Muchos estudios demuestran que las hojas de albaricoque contienen muchos compuestos biológicos como flavonoides, alcaloides (especialmente paederina), aceites esenciales de azufre y ácidos grasos. Estos compuestos tienen una actividad antioxidante y antiinflamatoria notable.
El extracto de hojas de albaricoque tiene la capacidad de aumentar la actividad de las enzimas antioxidantes, al tiempo que reduce el proceso de peroxidación de los lípidos, un mecanismo que causa daño a las células hepáticas. Esto demuestra que las hojas de albaricoque pueden contribuir a proteger las células hepáticas del estrés oxidativo.
El hígado no "desintoxica" directamente como los riñones, sino que metaboliza las toxinas en formas más fáciles de eliminar. Los estudios demuestran que esta planta puede apoyar este proceso a través de tres mecanismos principales:
Mejora las enzimas de desintoxicación hepática
El extracto de hojas de albaricoque puede afectar las enzimas que metabolizan los medicamentos en el hígado, lo que ayuda a mejorar la capacidad de procesar toxinas y medicamentos.
Antioxidante y reduce la inflamación
El estrés oxidativo y la inflamación son dos factores principales que causan daño hepático, especialmente en enfermedades como el hígado graso. Los ingredientes activos de las hojas de albaricoque ayudan a neutralizar los radicales libres, reducir el daño celular y limitar las respuestas inflamatorias.

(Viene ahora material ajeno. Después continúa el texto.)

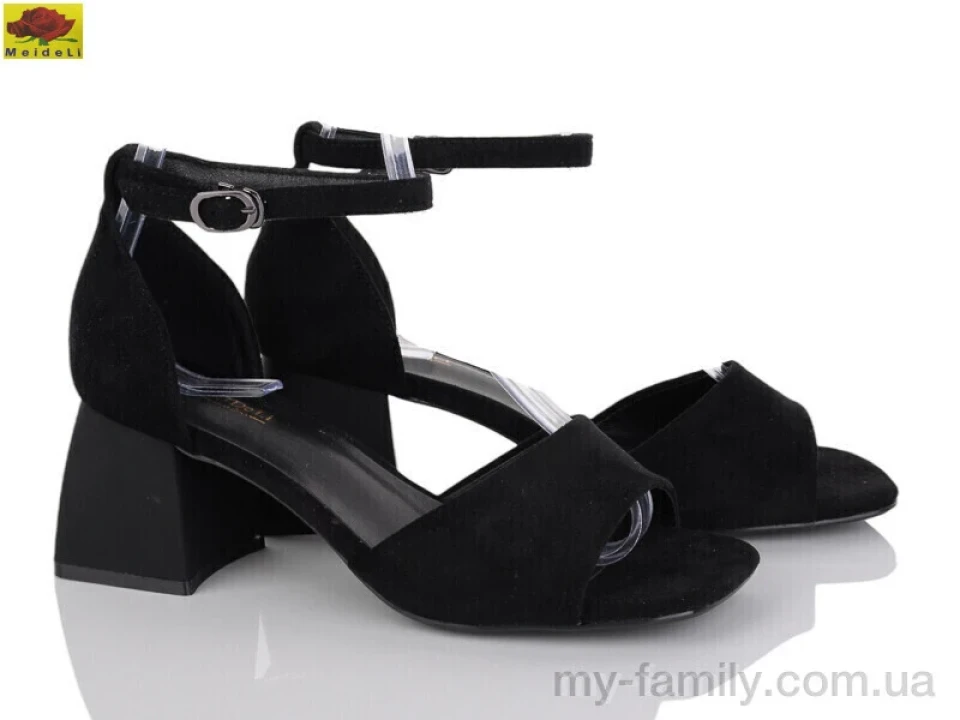 Босоніжки штучна замша чорний жінки -, Жіночі босоніжки оптом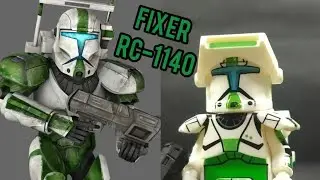 Review Unofficial Lego Republic Commando (Fixer RC-1140) minifigure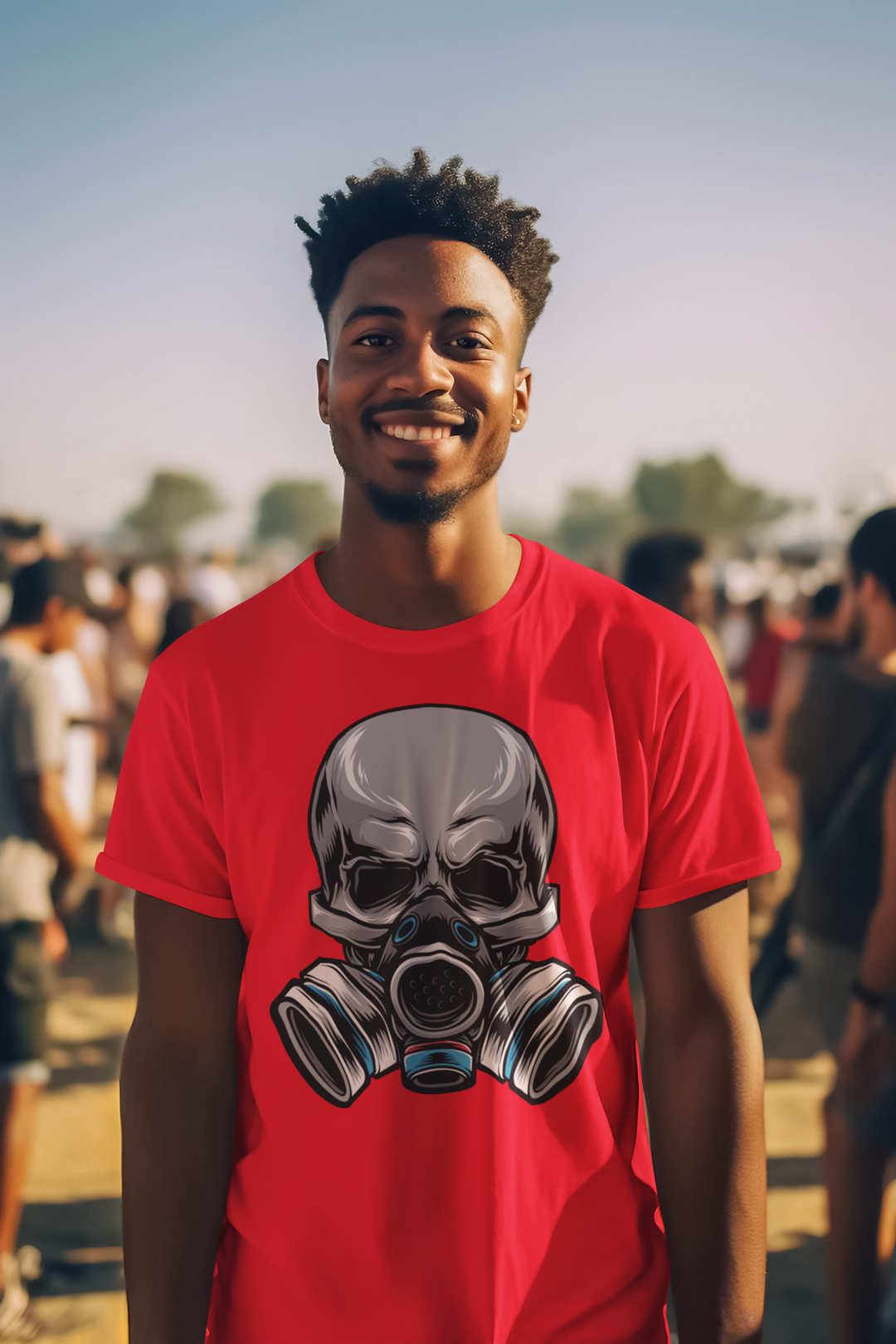 Robotic Skull Unisex t-shirt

Apoya el metabolismo lipídico y el azúcar
Algunos estudios demuestran que las hojas de albaricoque pueden mejorar los trastornos lipídicos y el azúcar en sangre.
Esto reduce indirectamente la carga sobre el hígado, especialmente en el contexto del síndrome metabólico, una causa común de enfermedades hepáticas en la actualidad.
En la vida cotidiana, las hojas de albaricoque se utilizan a menudo como alimento; esta es también la forma más segura de aprovechar los beneficios biológicos:
Comer crudo: usar con platos ricos en proteínas ayuda a apoyar la digestión y reduce la carga metabólica del hígado.
Cocinar: como huevos al vapor con hojas de albaricoque o sopa, ayuda a reducir el olor y aumentar la capacidad de absorción.
La cantidad de uso razonable suele ser de unos 20-50 g de hojas frescas al día para personas sanas.
Debido a su capacidad para afectar las enzimas metabólicas de los medicamentos, las hojas de albaricoque pueden interactuar con ciertos medicamentos. Las personas con enfermedad hepática crónica, mujeres embarazadas o que están tomando medicamentos deben consultar a un médico antes de usarlos con regularidad.